Thursday, July 14, 2005

and i'm so sad
like a good book, i can't put this day back

Once upon a time, there lived a girl who wanted to be a mermaid. It was not that she liked the seawater, or the fishy friends, or the clamshell bras. She did fancy the fishtail, but that wasn't the point. Just like the other little girls who wanted to be Cinderella or Sleeping Beauty or Princess Jasmine, this little girl wanted to be a mermaid so she could meet her Prince Eric, fight an emotional battle and overcome sea witches and culture shocks, and have her Happily Ever After.

Isn't it wonderful that in reality, our life books don't close with the end of our first fairytale? If one promising fairytale doesn't end with rainbows and bouncing animals, it doesn't mean our lives are written off as Hans Christian Andersen tragedies. There's always the next chapter, there's always room for another story.

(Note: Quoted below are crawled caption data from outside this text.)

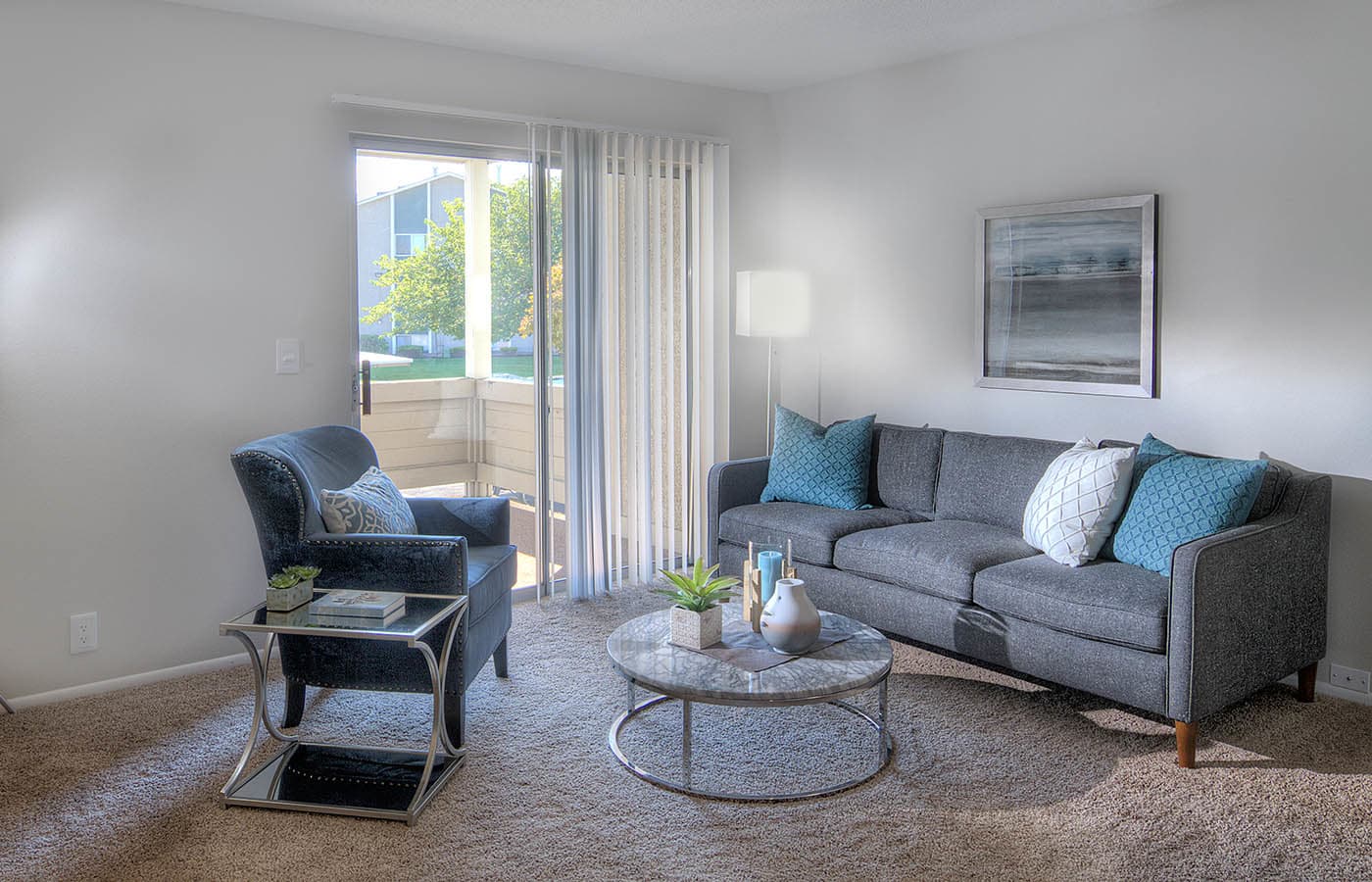Living room at Brighton Place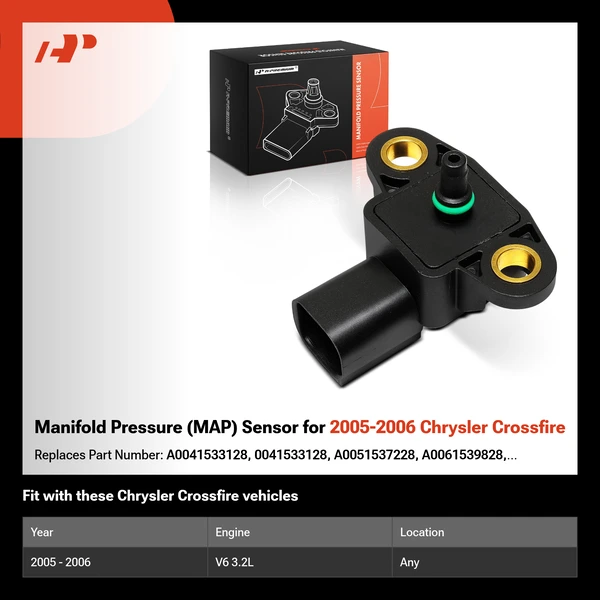 Manifold Pressure (MAP) Sensor for 2005-2006 Chrysler Crossfire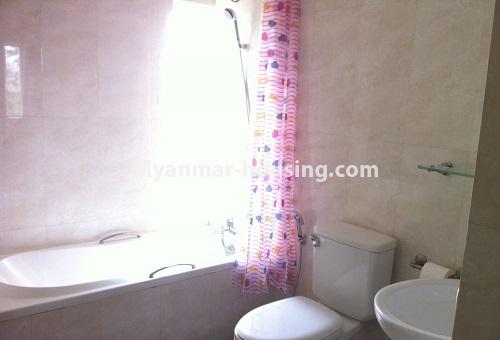 Myanmar real estate - for rent property - No.4623 - Nice room in Nawarat Condo in quiet area for rent! - bathroom view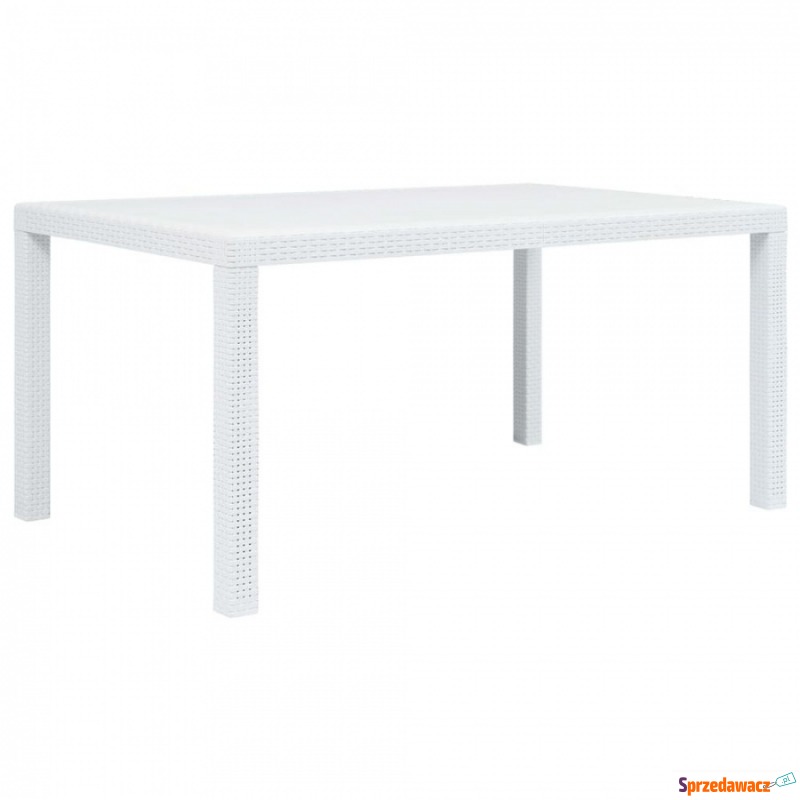 Stół ogrodowy, 150x90x72 cm, plastikowy, biały - Stoły, ławy, stoliki - Czeladź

Once upon a time, my fairytale was "that dizzy dancing way you feel", mysteries upon mysteries, ambiguities piled up into pink clouds of April and old photographs of timeless creatures and timeless emotions. We grow up; i grew out of it. I used to think it hopelessly tragic that things moved on and that memories were replaced by new ones. I felt that memories had lives of their owns, and to treasure a memory no more was to kill it and deprive your life of beauty. But no one would be happy that way. Everyone would be living in the past and never making new memories.

I think it's nice, that i spent my last month of holidays going out every other day, and that i'll spend my very last day before term starts sitting on the floor at the timberlux flea market. I'll be miserable when this is all over, but thank you for giving me things i don't want to stop thinking about.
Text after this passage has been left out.